** DATASET follows **

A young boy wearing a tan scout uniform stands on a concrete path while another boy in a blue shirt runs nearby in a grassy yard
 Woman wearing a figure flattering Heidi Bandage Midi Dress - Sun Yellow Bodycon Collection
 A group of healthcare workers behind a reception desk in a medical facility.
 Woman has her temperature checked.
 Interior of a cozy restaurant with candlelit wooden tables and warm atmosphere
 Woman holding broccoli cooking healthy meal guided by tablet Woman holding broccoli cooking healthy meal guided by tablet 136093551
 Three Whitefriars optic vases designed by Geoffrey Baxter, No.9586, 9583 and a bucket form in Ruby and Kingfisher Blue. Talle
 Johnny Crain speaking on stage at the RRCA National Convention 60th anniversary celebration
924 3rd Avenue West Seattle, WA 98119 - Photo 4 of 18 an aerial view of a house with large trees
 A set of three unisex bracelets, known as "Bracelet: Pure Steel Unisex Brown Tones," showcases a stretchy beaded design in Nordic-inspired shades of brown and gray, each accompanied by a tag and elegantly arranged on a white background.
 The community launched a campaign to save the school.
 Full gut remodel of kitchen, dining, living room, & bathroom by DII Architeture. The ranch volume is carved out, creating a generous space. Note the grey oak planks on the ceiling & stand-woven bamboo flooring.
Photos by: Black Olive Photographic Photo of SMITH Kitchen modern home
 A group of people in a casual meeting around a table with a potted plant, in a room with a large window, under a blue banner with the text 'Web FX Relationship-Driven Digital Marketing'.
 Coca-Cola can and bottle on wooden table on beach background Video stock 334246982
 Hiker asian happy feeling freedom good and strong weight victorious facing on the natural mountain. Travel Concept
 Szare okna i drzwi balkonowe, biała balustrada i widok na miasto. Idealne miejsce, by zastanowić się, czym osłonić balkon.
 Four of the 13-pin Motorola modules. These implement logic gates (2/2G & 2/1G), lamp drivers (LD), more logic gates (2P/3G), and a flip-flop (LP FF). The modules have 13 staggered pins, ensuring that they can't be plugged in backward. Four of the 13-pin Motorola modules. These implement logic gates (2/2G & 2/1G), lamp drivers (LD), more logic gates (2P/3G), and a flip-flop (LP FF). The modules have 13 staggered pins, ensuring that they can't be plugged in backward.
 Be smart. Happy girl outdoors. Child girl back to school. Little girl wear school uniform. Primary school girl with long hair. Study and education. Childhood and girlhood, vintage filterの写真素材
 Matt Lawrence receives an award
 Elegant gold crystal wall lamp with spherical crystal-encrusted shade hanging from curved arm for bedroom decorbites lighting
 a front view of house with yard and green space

** End of DATASET **

- **TASK TO COMPLETE**
Would you copy out every line in the records that includes the string "large"?

- **WRITTEN SOLUTION**
924 3rd Avenue West Seattle, WA 98119 - Photo 4 of 18 an aerial view of a house with large trees
 A group of people in a casual meeting around a table with a potted plant, in a room with a large window, under a blue banner with the text 'Web FX Relationship-Driven Digital Marketing'.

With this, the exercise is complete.